I have always valued feminism, though I would not have called it that until I was in my early twenties. My mother ended up divorced at 40 with nothing but a high school diploma and 20 years of “homemaking” under her belt, which made providing for her three children quite difficult. She always made sure my sisters and I knew that we were going to go to college and be able to take care of ourselves. She never wanted us to be in her situation, so she made sure we knew we were capable of doing anything we wanted, as long as we worked hard. As a result, I took for granted that I could do anything a man could do, and remember being upset with some school boys who didn’t think so.

Once I was a little older, though, I realized the world at large tended to agree with those ridiculous school boys. When I began college, a friend shared books and articles about feminism with me. These writers were all saying the things I had been saying for years: essentially, that gender shouldn’t matter; being male or female should not be the deciding factor in what kinds of rights or opportunities a person was afforded. I realized I had been talking about feminism all along. I knew I wanted to learn more about this feminism thing, so I enrolled in a Sociology of Gender class and was so interested in learning about gender as a performance and the different waves of feminism. I devoured every blog I could find and soon learned that feminism extends so far past “girls can do what boys can, too.”

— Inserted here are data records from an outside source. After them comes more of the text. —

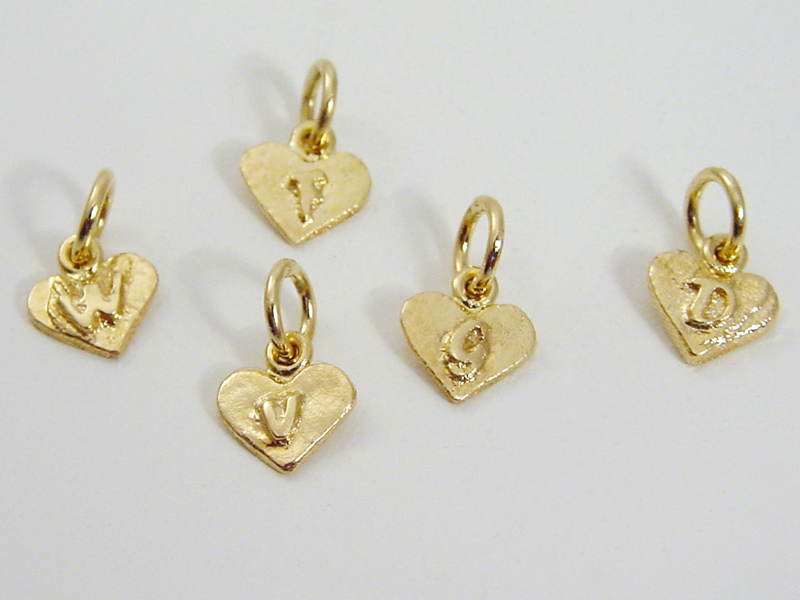 sg53-hanger-goud-hart-hartje-letter-bedel-edelsmid-sieraad-sieraden-www.tonvandenhout.nl-www.mijngedenksieraad.nl-roermond-uniek-handgemaakt-juwelier-goudsmid-atelier-smid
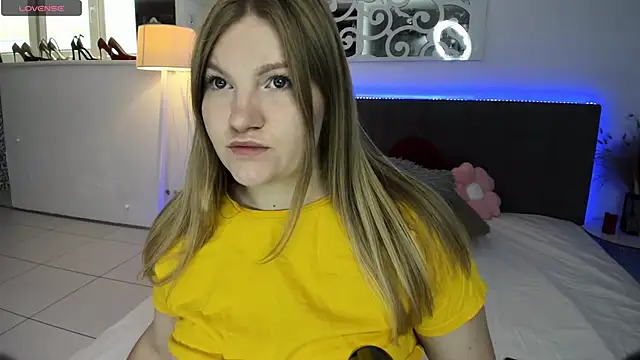 Snapshot of AshleyJoness chatting on 09/17/25, 04:47 AshleyJoness online show from 09/17/25, 04:47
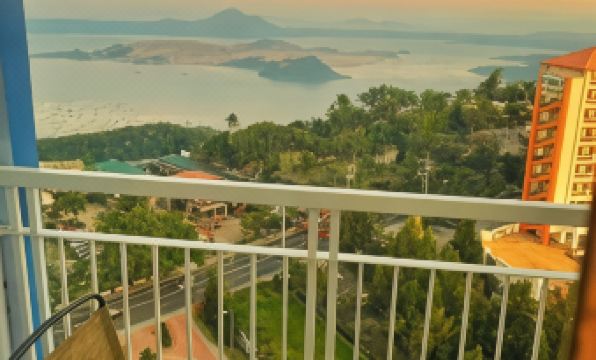 JT Tagaytay Suites
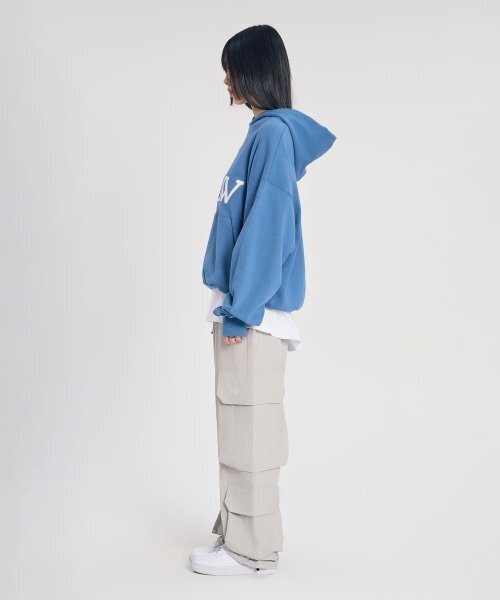 SLOW RECORD HOUSE(スローレコードハウス)の「ビッグポケットカーゴパンツ_ライトグレー(その他パンツ・レディース・その他・LARGE/MEDIUM/SMALL)」の4枚目の写真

I have learned so much from seeking out feminism, and really feel it has helped me become a better, more open and accepting person. Several years later, I still gobble up anything related to feminism. I absolutely love seeing things like the Women’s March put on display all the different pathways feminism continues to take and just how many issues feminists are tackling.

As for my experience with feminism as a critical theory, I have already taken a course called Feminisms and Rhetorics; so, I have some experience reading many of the authors we are assigned for this class, but I am so excited to read and learn even more.  Critical Theory was the only class I still needed to graduate, so I actually enrolled in this course before I knew that it was going to be centered around feminism.  I was positively giddy upon hearing that the course would be Feminist Critical Theory. Seeing a man who had openly admitted to sexual assault elected President shocked me, and I realized Feminism’s work is definitely not done. So, the course felt timely (unfortunately, this probably always feels true).


As for my experiences with privilege and discrimination, I never really thought about my privilege until college, which is perhaps indicative of how privileged I really was. We played a game in one of my classes that started with everyone in class standing side-by-side, facing the front of the room.  The instructor then asked us to take a step forward if we had been born a white male. Then, she’d say take a step back if you have either a visible or invisible disability. Take a step forward if you graduated high school, one back if you ever felt unsafe walking home alone. At the end of the “game,” we could all see how some of us were clearly ahead and some behind. This was my first real experience thinking about privilege, and I am so glad this instructor had us do this.  It still serves as visual reminder for me about how even though I have had my own struggles, I still started the race off ahead of many people.

With this course, I am hoping to learn more in-depth the history of feminism, and see what it might can tell us about the future of feminism. I am also looking forward to extending my knowledge beyond White Feminism™. And I’d be lying if I said I wasn’t hoping to gain knowledge simply to have it at the ready to shut down those ridiculous school boys all grown up.